一期一会とは、茶道を源とする言葉で、生涯に一度きりのことと思い、誠意を尽くすことを意味する。結成以来、目の前のことに対してひたむきに向き合い、誠心誠意取り組んできたももクロに、これほどふさわしいタイトルもないだろう。

歌詞には、“5475文字の手紙”や“4文字の「ありがと」”など、彼女たちがこれまで歩んできた日々や、モノノフ(ももクロのファンの呼称)をはじめとする彼女たちを支えてくれた人たちへ向けた、ありったけの想いが詰め込まれた言葉が並ぶ。

作詞・作曲を手がけたのは、CLIEVY(C&K)、編曲は小松一也で、これは、10周年記念ソング「クローバーとダイヤモンド」と同じ座組である。ウォームでオーガニックなサウンドや歌唱が柔らかく心地よい10周年記念ソングからは、がむしゃらに走り続けてきた彼女たちに与えられた束の間の休息や、ふっと立ち止まって現在地を確認したかのような印象を受けた。



一方、本作は光が感じられるキラキラとしたイントロに始まり、15周年という区切りを迎えた4人の、明るい前途を予感させるナンバーに仕上がっている。確かに、グループもソロ活動も充実し、4人は輝くばかりだ。しかし、これまで歩んできた道のりは光に包まれていたとは言い難い。むしろ、度重なるピンチを乗り越えてたどり着いた今が晴れやかだからこそ、この「いちごいちえ」はひと際、煌めいて響くのではないか……。
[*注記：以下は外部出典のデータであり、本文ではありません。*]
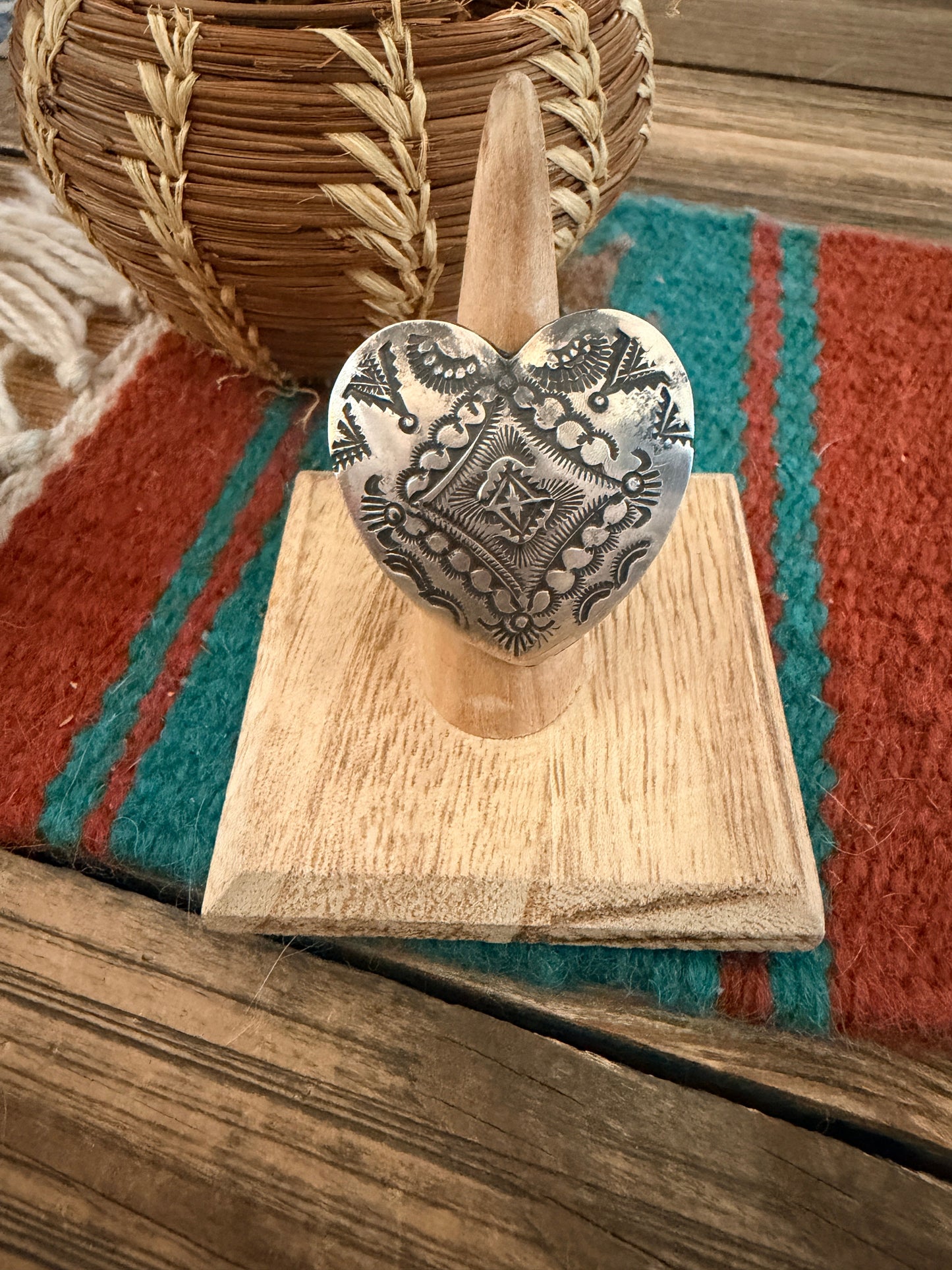 Handcrafted Sterling Silver Adjustable Heart Concho Ring by Vincent Platero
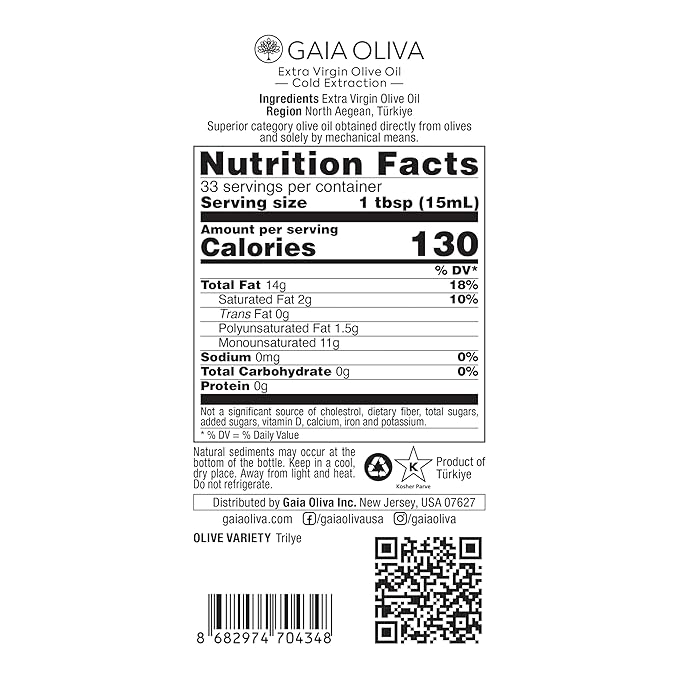 Gaia Oliva Everyday Extra Virgin Olive Oil ??Cold Pressed, Unrefined, Single Estate, Trilye Olives, Low Acidity, Dark Glass Bottle, 100% Extra Virgin, Product of Turkey, New Harvest, Polyphenol-Rich, High Antioxidants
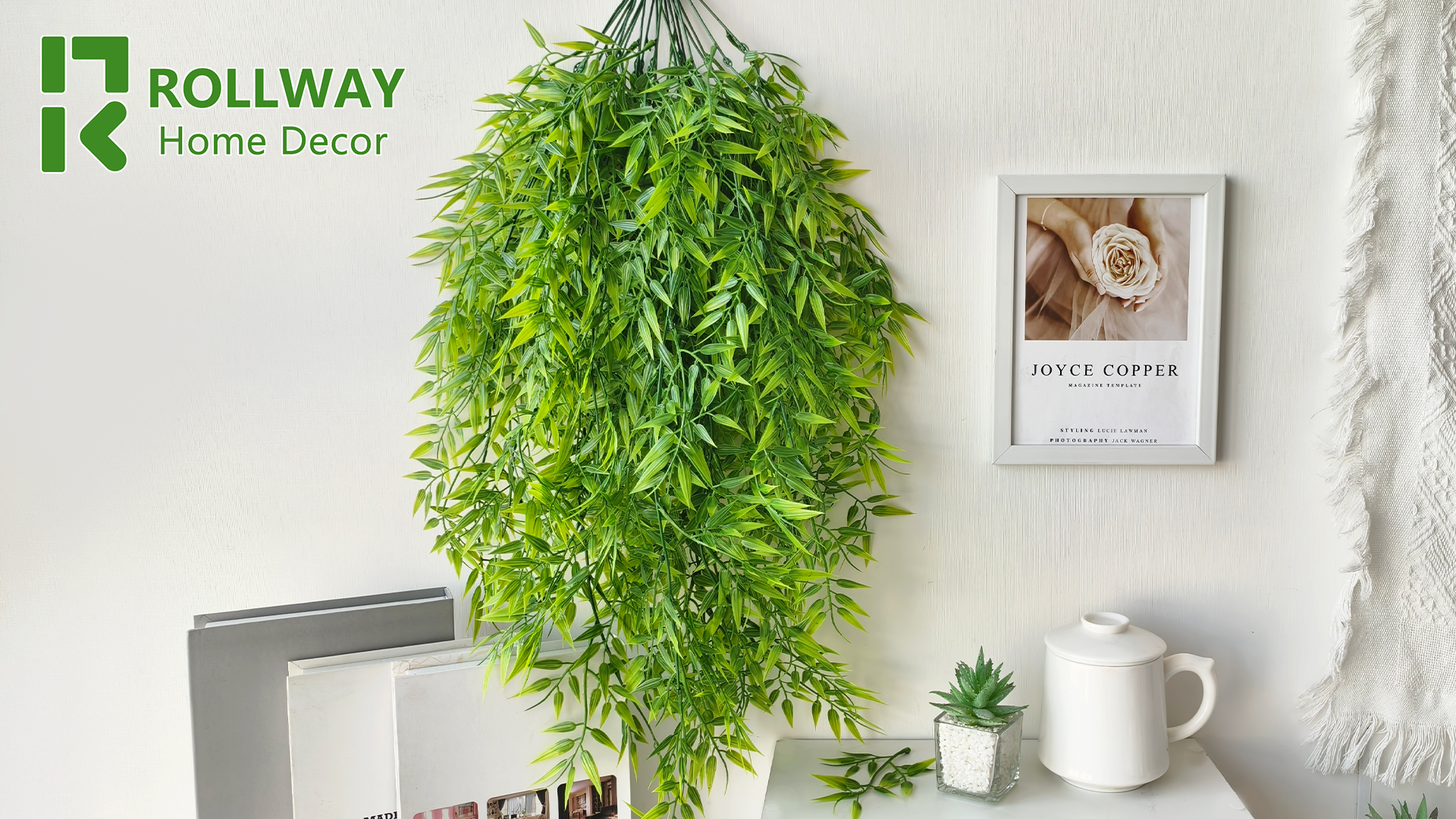 Amazon.de: ROLLWAY 4 Stck Kunstpflanze Hngend Knstliche Hngepflanzen  Knstlich Pflanzen Plastik Grnpflanze hngend Plastikpflanzen fr Indoor  Outdoor Balkon Hochzeit Garten Wanddeko Bambusbltter 80cm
それを確かめるためにも、この新曲を手掛かりに、彼女たちの歩みを(ちょっと大変だったエピソードを中心に)駆け足で振り返ってみようと思う。最初の大きなピンチといえば、中心的なメンバーだった早見あかりの脱退ではないだろうか。これを機に、グループ名を現在のものに改名したのだから、その衝撃は推して知るべしである。しかし、その直後から異種格闘技戦とも言える多様なコラボをがむしゃらにこなし、その愚直さゆえのどこかユーモラスな佇まいも含めて多くの支持を獲得。グループとしての底力と知名度を上げた彼女たちは、2012年に悲願の『紅白歌合戦』へ出場を果たした。


2014年、女性グループとして初めて旧・国立競技場へ単独で立った、ももクロ。名実ともに国民的グループとなったわけだが、歌の軸だった有安杏果が脱退してしまう。「いちごいちえ」の中の、「どこへいざない枝葉別れる」という歌詞からは、そんな彼女たちのヒストリーが透けて見えるようだ。
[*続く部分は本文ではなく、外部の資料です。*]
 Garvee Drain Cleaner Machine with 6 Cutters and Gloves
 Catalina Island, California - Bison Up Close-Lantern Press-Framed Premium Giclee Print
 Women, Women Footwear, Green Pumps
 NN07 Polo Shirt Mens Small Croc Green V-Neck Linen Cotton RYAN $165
楽曲の中の、「いちごいちえは (中略)たまに傷つけてきて きやがるんだな」という歌詞からは、彼女たちが遭遇する逆境に苦しみ、戸惑ってきたことが伝わってくる。中でも「きやがるんだな」は4人のユニゾンが力強く響く印象的なパートでもあり、聴き手に勇気をくれる明るさを携えている。山あり谷ありの15年間を力を合わせてくぐりぬけてきた彼女たちだからこその、しなやかな力強さを感じることができるだろう。
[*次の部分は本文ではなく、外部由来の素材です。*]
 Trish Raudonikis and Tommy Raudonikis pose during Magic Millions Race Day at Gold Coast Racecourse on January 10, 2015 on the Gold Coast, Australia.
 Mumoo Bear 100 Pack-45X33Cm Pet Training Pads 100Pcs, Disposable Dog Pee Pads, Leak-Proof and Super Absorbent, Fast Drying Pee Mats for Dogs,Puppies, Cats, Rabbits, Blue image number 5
もはや、逆境に笑顔で立ち向かってこそ、ももクロ。苦境をバネに、飛躍してきたともいえる。たとえば、『紅白』落選の悔しさは、<ももいろ歌合戦>へと昇華。いまや大物や人気アーティストが多数出演する恒例のライブイベントになっている。そうやって、常に爽やかな笑顔の裏で歯を食いしばって前進してきた彼女たちに、2020年、世界規模のパンデミックが襲い掛かった。コロナ禍で、彼女たちの魅力が炸裂するライブは停止。そこでも、悲嘆にくれるのではなく、SNSでのつながりを強化したり、映像作品を無料で開放したチャリティー、双方向性のあるオンラインライブ等の開催を通して、ファンとのつながり方の多様性を見出した。「今度は僕の番だ/君が助けてくれたから」という一節は、どんなときにも伴奏を続けてくれたファンに向けて、さらに力強く活動を続けていくという固い約束に違いない。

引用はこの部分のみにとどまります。